Written by Paul Zeise on .

Colin Dunlap and I had a laugh today as we compared notes about the coaching search at Pitt and West Virginia. His lasted all of about eight hours and ended with a press release being sent out while mine dragged on for eight days - and we're told there may or may not be an actual official announcement tomorrow.

But now that it is over, all I can say is "THANK GOD" as I can go back to having a normal life that doesn't involve blogging and writing stories at all hours and working the phones and e-mails and all the other nonsense for 15 hours  - and yes, Ottograf, tracking flights....Laughing

I have been through six of these and I can honestly say this has been the toughest just because it is the first one I had to try and navigate around a search firm as well as an athletic director that really kept things as close to the vest as possible. Information was sometimes very tough to come by and it changed some - as it always does - sometimes in a matter of hours.

At the end of it all, however, Pitt has hired Michael Haywood from Miami (Ohio) to be the coach and judging from talk radio, the comments section in this blog and reading Chris Peak and Bob Lichtenfels message boards, fans don't seem to be overly excited about it (I'm being kind, by the way, because a lot of people seem rather angry about it).

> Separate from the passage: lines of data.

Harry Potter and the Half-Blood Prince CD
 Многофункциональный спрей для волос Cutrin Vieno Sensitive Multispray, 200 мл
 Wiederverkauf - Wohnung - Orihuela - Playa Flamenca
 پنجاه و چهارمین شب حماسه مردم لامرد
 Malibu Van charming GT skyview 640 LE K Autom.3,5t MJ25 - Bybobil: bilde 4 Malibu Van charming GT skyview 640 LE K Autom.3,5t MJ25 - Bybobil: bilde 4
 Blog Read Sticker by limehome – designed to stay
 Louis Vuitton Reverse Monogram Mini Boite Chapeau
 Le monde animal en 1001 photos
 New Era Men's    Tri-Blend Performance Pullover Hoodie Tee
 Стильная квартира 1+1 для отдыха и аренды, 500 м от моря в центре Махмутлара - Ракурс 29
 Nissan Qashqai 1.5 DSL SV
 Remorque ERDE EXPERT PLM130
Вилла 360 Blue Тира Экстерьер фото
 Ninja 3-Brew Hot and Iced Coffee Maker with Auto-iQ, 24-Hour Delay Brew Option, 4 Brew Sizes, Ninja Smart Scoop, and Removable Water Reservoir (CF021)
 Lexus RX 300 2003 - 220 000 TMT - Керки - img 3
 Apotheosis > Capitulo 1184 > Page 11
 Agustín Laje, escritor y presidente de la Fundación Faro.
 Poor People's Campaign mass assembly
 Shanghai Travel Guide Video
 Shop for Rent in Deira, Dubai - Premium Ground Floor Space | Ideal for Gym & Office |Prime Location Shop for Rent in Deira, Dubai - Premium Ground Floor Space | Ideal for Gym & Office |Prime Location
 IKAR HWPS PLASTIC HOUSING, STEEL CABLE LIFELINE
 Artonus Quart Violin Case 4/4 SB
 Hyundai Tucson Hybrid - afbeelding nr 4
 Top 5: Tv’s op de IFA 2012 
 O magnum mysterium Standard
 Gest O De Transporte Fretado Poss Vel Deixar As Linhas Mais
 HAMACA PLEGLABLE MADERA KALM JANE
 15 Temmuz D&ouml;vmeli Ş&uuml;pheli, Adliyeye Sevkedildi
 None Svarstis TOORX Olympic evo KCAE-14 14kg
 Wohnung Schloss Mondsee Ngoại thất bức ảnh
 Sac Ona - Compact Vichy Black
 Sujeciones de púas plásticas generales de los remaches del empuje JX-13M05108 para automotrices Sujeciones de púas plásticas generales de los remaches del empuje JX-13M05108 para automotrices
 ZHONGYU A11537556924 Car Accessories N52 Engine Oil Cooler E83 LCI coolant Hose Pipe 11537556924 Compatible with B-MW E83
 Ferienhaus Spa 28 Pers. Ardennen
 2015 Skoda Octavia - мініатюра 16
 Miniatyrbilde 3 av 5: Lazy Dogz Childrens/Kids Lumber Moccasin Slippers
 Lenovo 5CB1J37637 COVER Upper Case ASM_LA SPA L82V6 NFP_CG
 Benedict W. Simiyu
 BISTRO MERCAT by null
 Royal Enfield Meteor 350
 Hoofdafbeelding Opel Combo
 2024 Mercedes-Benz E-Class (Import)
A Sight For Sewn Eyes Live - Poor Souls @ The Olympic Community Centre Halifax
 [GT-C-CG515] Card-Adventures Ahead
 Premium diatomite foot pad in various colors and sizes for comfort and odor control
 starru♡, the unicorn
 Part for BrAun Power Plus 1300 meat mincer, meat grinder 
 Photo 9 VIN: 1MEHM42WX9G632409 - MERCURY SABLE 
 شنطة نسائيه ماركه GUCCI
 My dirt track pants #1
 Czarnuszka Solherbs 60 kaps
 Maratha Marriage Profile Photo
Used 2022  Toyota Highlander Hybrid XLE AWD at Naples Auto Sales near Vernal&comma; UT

I wish I could tell you this was a "can't miss" hire or a "star in the ranks" kind of coach, I can't because I don't know how this is going to turn out. He could turn out to be a star - he could turn out to be a dud, as well. Nobody knows, not the people that hired him and not even he does.

But like I wrote earlier -- Haywood seems to have a very solid resume, he has been a special teams coordinator, an offensive coordinator, a recruiting coordinator in his career and he has coached both sides of the ball and according to his bio, he's coached every position.

He is, as we talked about earlier, a mature coach in terms of how much experience he has around good programs, a disciplinarian and that is as good place to start. 

Again, we don't know how this will turn out, I would hope that Pitt fans will give the guy a chance before you write him off because you never know, he could end being the next Ben Howland and take Pitt to heights it hasn't seen in decades.

Now, all of that being said, Steve Pederson has set the bar extremely high and given the team he has coming back next year, there is no reason to expect anything less than eight or nine wins. And a BCS bowl should be expected within three years.

** As a new coach comes, it means the old coaching staff is leaving. Haywood is expected to bring his assistant head coach - Bill Elias - with him to Pitt and the two are not going to coach the Redhawks in the GoDaddy.com Bowl but instead will get started on recruiting and building an organization and staff. Elias is also the Redhawks recruiting coordinator and linebackers coach. There seems to be some good news already in terms of assistant coaches landing on their feet and I'll have more on that over the next few days as some of them begin to move on. A couple of them, from what I am being told, are close to landing jobs.

And then, according to OwlScoop.Com - which is the Temple equivalent of Pantherlair - Frank Cignetti is on the short list for Al Golden's old job. The job was first offered to Temple defensive coordinator Mark D'Onofrio but he turned it down and will join Golden at Miami. Cignetti would make an excellent head coach and like I wrote a few days ago when Golden left Temple -as an Owls fan and Temple alum I'd be all for that. So here's hoping things work out for him.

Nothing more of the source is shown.